At the data level we need to do a count distinct operation on something like a customer ID or session ID. The simple approach is creating a set in memory, loading all the values and then retrieving the size of this set. This works, but is limited to the size of the memory of a single computer and forces the entire processing onto a single CPU. In order to solve this, we need to step into the arena of data structures that estimate the requested value: ‘Probabilistic data structures‘ or ‘sketches’.

For our problem of doing the ‘count distinct‘ we find the HyperLogLog algorithm to be one of the best known solutions for large-scale.

Another common question we find (often in operational monitoring) is that of the percentile: below which threshold do we find 99% of the observations?
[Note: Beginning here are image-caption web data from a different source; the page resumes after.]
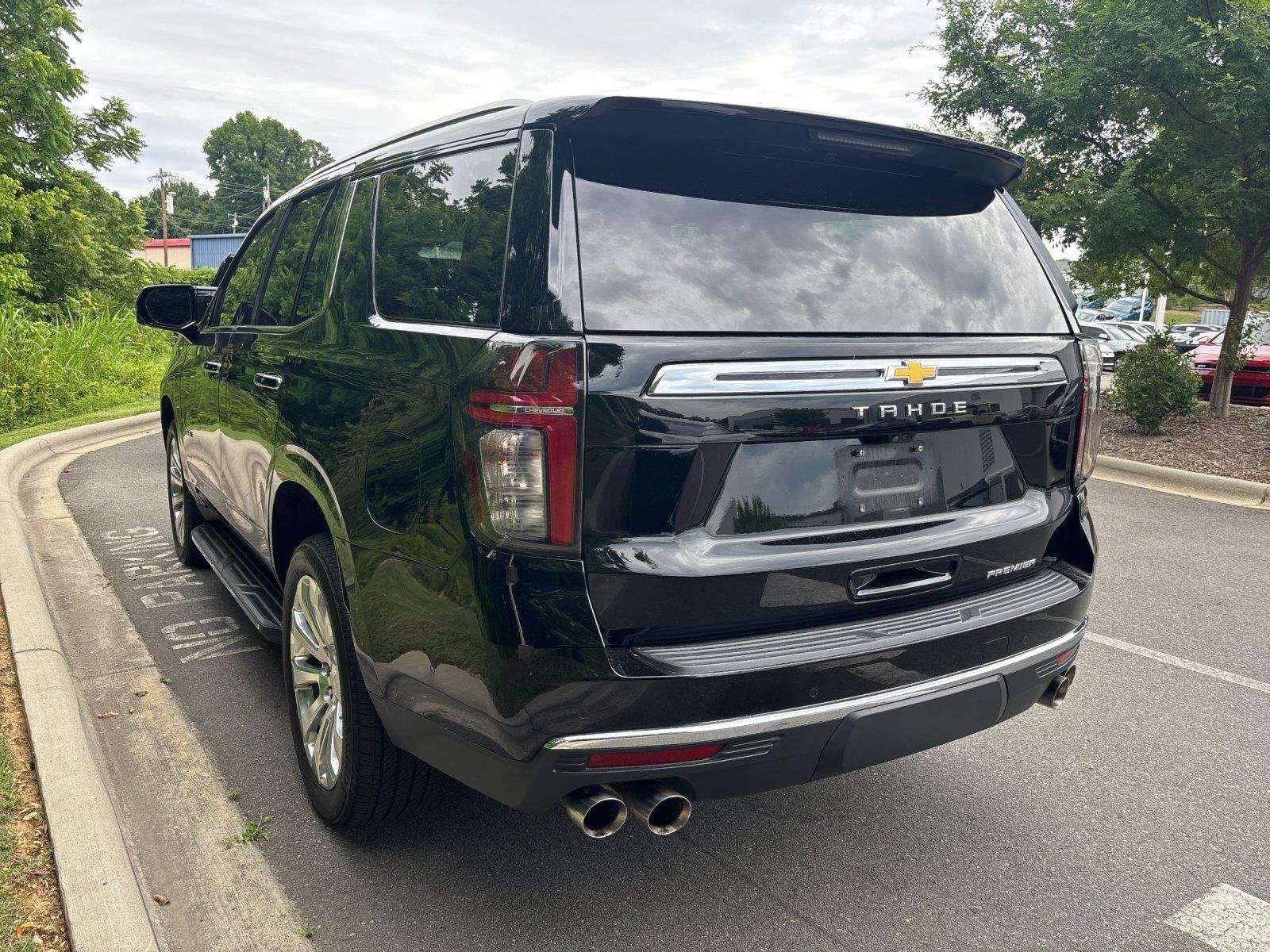 Used 2023 Black Chevrolet Premier image 3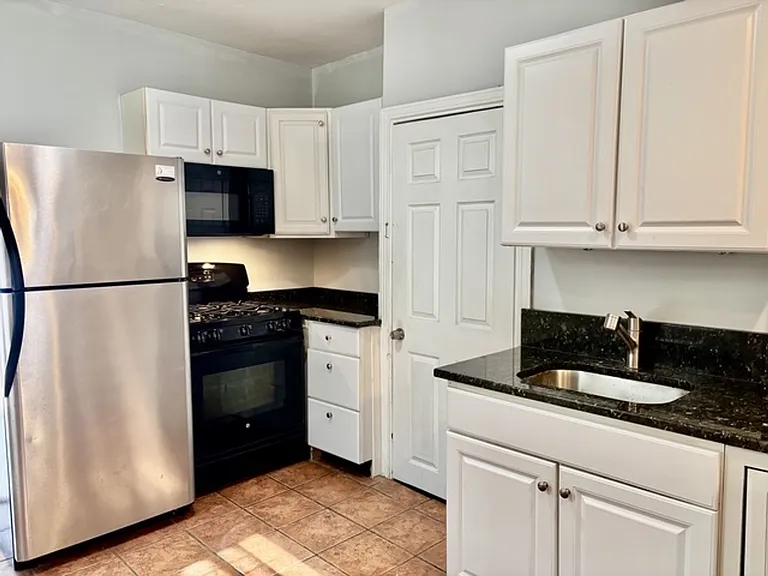 2503 Carpenter St — Photo 5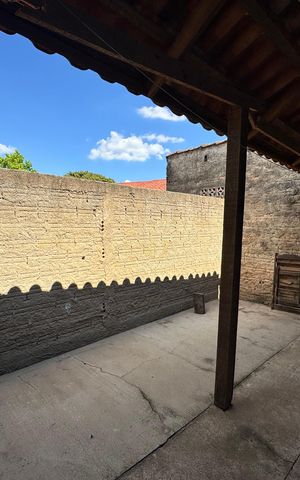 Casa à venda com 40m², 2 quartos e 1 vaga Casa à venda com 40m², 2 quartos e 1 vagaÁrea comum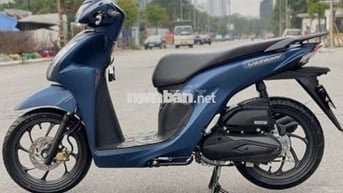 Bán xe Vision, cần đổi xe mới nên bán lại.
The algorithm is simple: sort (and count) all values and then extract the value at the requested percentile. The snag is that this also requires all values to be moved to a single server. One of the very usable estimating implementations of this problem is T-Digest (Pig UDF). T-Digest creates a small probabilistic data structure that estimates ‘all’ quantiles for that subset and allows merging multiple of those data structures into a combined data structure.
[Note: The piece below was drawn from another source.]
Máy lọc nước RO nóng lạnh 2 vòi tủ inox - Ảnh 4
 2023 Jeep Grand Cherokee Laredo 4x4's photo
Most of what I've written up to this point is on a conceptual level. But I'd like to share what we have learned over the years doing this for real. So here they are, our additional considerations that may help when you actually start designing your own applications:

Plan for the future early

  • Switching the design concept is very, very expensive. Going from relational data structures in an RDBMS to a non-relational solution in a cluster is really hard. So starting right away with 'large-scale' as a design goal is a good idea.
  • How big is your company going to be in 5 years? If you are a start-up then I really recommend to design and build everything from the start to scale really well.
  • In case you cut corners today and run into a wall in the future: which parts of the application are easy to replace and which are hard to replace? Changing the cluster on which the system runs (with or without data locality) is probably easier than changing the underlying data structures.
  • Designing to scale horizontally does not mean you need to have a cluster of many servers to run your application on. At, in 2010, we went to production with our first Hadoop MapReduce application. At that time we did not have a cluster yet. So for the first 6 months we ran our application on a single server, limiting the processing power to using only a week of click data.

It is really different

  • Training people to effectively design solutions that scale horizontally takes time. Let them experiment and benchmark their ideas. Because the effects of the design choices are so great, people will have to experience them first hand. Also give them an incentive to make it more efficient. Someone once told me it doesn't matter that his application is inefficient because the cluster is big enough anyway ...
  • Some questions can only be estimated at large scale.
  • Help your business understand these basics so they can ask better questions.

Be critical of your choices

  • If you are really sure you can run it on a single machine 'forever' then a solution that doesn't scale horizontally is fine.
  • Any system can perform well at small-scale. When selecting an off-the-shelf solution actually test it at the scale you plan to operate it on in the next few years. There are too many Hadoop enabled systems that don't scale well. So actually give it a dataset of a few TiB and measure the performance.


In this article I have described how has been designing its data-intensive applications over the last few years. Making a data application at this scale really work efficiently requires designing the entire stack to scale horizontally. If one of these elements is not perfect the entire application will not scale as expected.

And even if you don’t need the scalability right away, just think about it anyway.